I have not been in a longterm relationship with one so I am not an expert.
 
I was in a 6 month relationship with one.
I'd say that the relationship will probably be rocky in several ways.
But rocky relationships are the norm, so I don't really care to be all you are incompatible and shit.
But you really are incompatible...
Not that I care, not my problem
I was probably a better match as an INTJ and it still didn't work.
Pro-tip...if you ever get over her and decide to pursue other women,
keep to NFJs and other STPs.
 
INFP's are suckers for people that are up-front. Be honest with her and tell her that you like her a lot and wanna start something with her, but maybe go more for something like "I really really like you and wanna start something with you." I don't know, I'm not good with wording what you should say verbatim. Just don't say the "I've decided to" part or else she'll feel like you're forcing yourself into this and run away. Be real with her so you can start a relationship with honesty as the foundation rather than trying to make yourself into a different person to better accommodate her "INFP-ness".
 
I'm an INFP ... and all I can say is I love romance.
Although... I'm very shy about saying that... I don't like to admit that I'm in love with love.
Back before my boyfriend, was my boyfriend he drove 120 miles in a near blizzard to deliver to me a love letter and a huge bouquet of flowers on Valentine's day to ask me to be his girlfriend... I remember I was smitten. Something romantic is the way to go when you're dealing with an INFP I guarantee. However, INFP you have to remember are very giving and forgiving people and even though you don't always say the right thing they can understand what you mean and how you feel pretty much without you saying anything so chances are she already knows how you feel.
 
Re: strontphite

@Strontphite

So, I agree with you partly.
For one thing as an INFP, I find S's in generally to be incredibly annoying and I don't understand them.
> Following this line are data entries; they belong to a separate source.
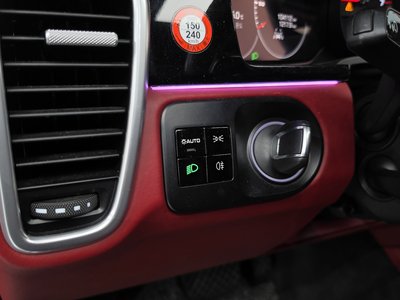 صورة مصغرة 27 لـ 2019 Porsche CAYENNE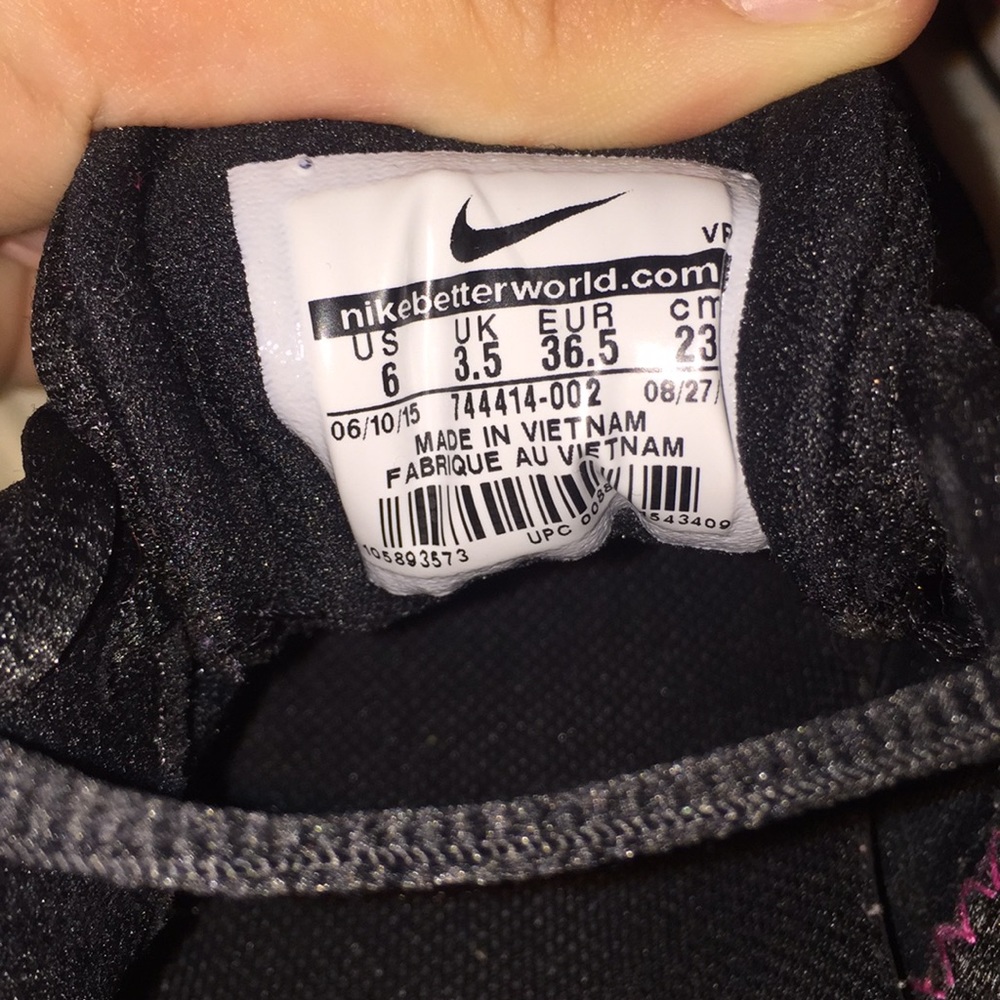 Shoes - Picture 2 of 2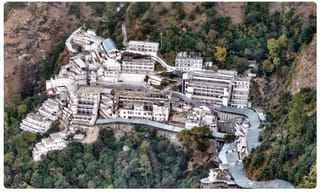 బస్సులో అగ్ని ప్రమాదం.. ఐదుగురు సజీవదహనం..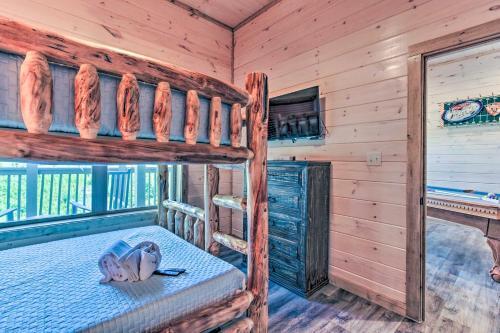 Madison Bear Garden With Hot Tub And Pool Access
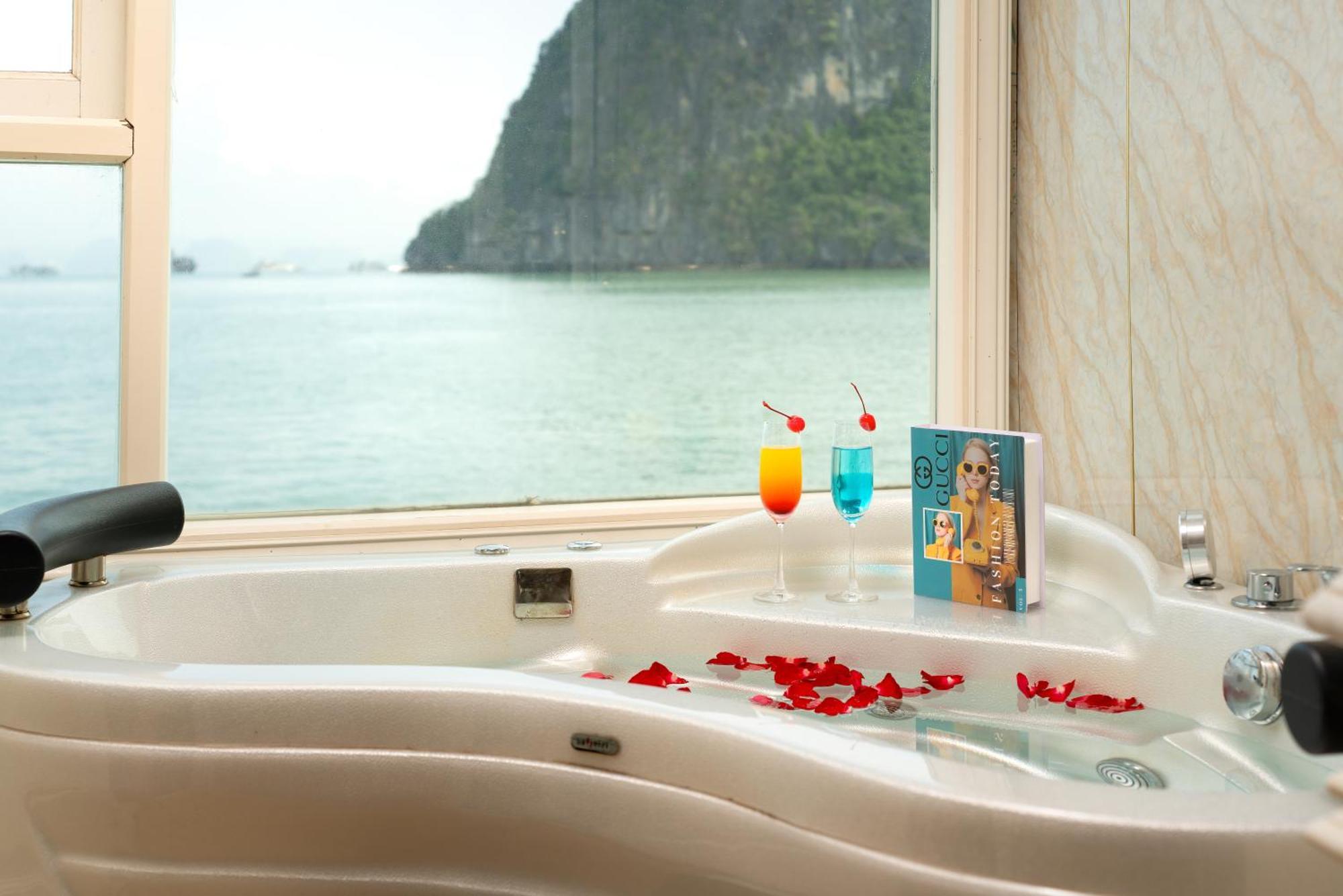 Halong Aquamarine Royal Cruise Hotel Hạ Long Ngoại thất bức ảnh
However, just because I feel that way doesn't mean another INFP won't feel differently because everyone has different levels of self development and different levels and abilities to cope with other personalities.
For example, you mentioned you were in a relationship with an INFP and it didn't work out and it was very difficult. But I am currently in a relationship with an INTJ and we've been together for almost 3 years now and we get along amazingly. I think part of this might have to do with what level of S verses N you are some people can be like 99% S and only 1% N whereas someone else might be 45% N and 65% S which would be a whole lot easier to relate to than a full out S. So, just an observation I thought I'd point out that things aren't always just black and white with personality types.
 
I was in a 6 month relationship with one.
I'd say that the relationship will probably be rocky in several ways.
But rocky relationships are the norm, so I don't really care to be all you are incompatible and shit.
But you really are incompatible...
Not that I care, not my problem
I was probably a better match as an INTJ and it still didn't work.
Pro-tip...if you ever get over her and decide to pursue other women,
keep to NFJs and other STPs.
So, I partly agree with you.
On the first hand, I as an INFP generally find Sensors to be annoying tedious people, they just don't seem to get it, but perhaps this is because I am very highly N (intuitive). So I guess it probably depends on how much of an S (sensor) a person is because a person can be very close to the midpoint of the scale and I could get along with them just fine. However, if a person is on the far end of the scale in the direction of S I definitely do not get along with said person. My guess if these two people are already hanging out and having a good time together as friends they must be close enough on the S to N scale that they will be able to make it work, but that's just my conjecture. In addition to this, just because I as an INFP doesn't get along well with S doesn't mean that another INFP won't be able to because everyone has different levels of personal awareness and development and the further someone gets along this line the easier said person can get along with all types.
I am currently in a long term relationship with an INTJ and we have a lot of mutual respect and understanding for each other we get along wonderfully. So just because you had rockiness in your INFP/INTJ relationship doesn't mean someone else will.
 
Yeah, the words you choose matter, but You seem to have a solid relationship with her already, and that matters more than the way you ask her.
I want to tell you to stay away from the "I've decided to like you really really much".... but it's undeniably adorable and will make for a cute story for years to come.
Don't worry too much is my point.
 
So, I partly agree with you.
On the first hand, I as an INFP generally find Sensors to be annoying tedious people, they just don't seem to get it, but perhaps this is because I am very highly N (intuitive). So I guess it probably depends on how much of an S (sensor) a person is because a person can be very close to the midpoint of the scale and I could get along with them just fine. However, if a person is on the far end of the scale in the direction of S I definitely do not get along with said person. My guess if these two people are already hanging out and having a good time together as friends they must be close enough on the S to N scale that they will be able to make it work, but that's just my conjecture. In addition to this, just because I as an INFP doesn't get along well with S doesn't mean that another INFP won't be able to because everyone has different levels of personal awareness and development and the further someone gets along this line the easier said person can get along with all types.
I am currently in a long term relationship with an INTJ and we have a lot of mutual respect and understanding for each other we get along wonderfully. So just because you had rockiness in your INFP/INTJ relationship doesn't mean someone else will.
Sure people generally get along on the surface.
If that is your standard, great!
Every INFP I meet always think things are great,
until I leave them because I'm tired of them calling things great that are not.
Male and female equal.
Move along nothing to see here.
 
I can give you some pointers since my current girlfriend is an INFP (although a rather mature one).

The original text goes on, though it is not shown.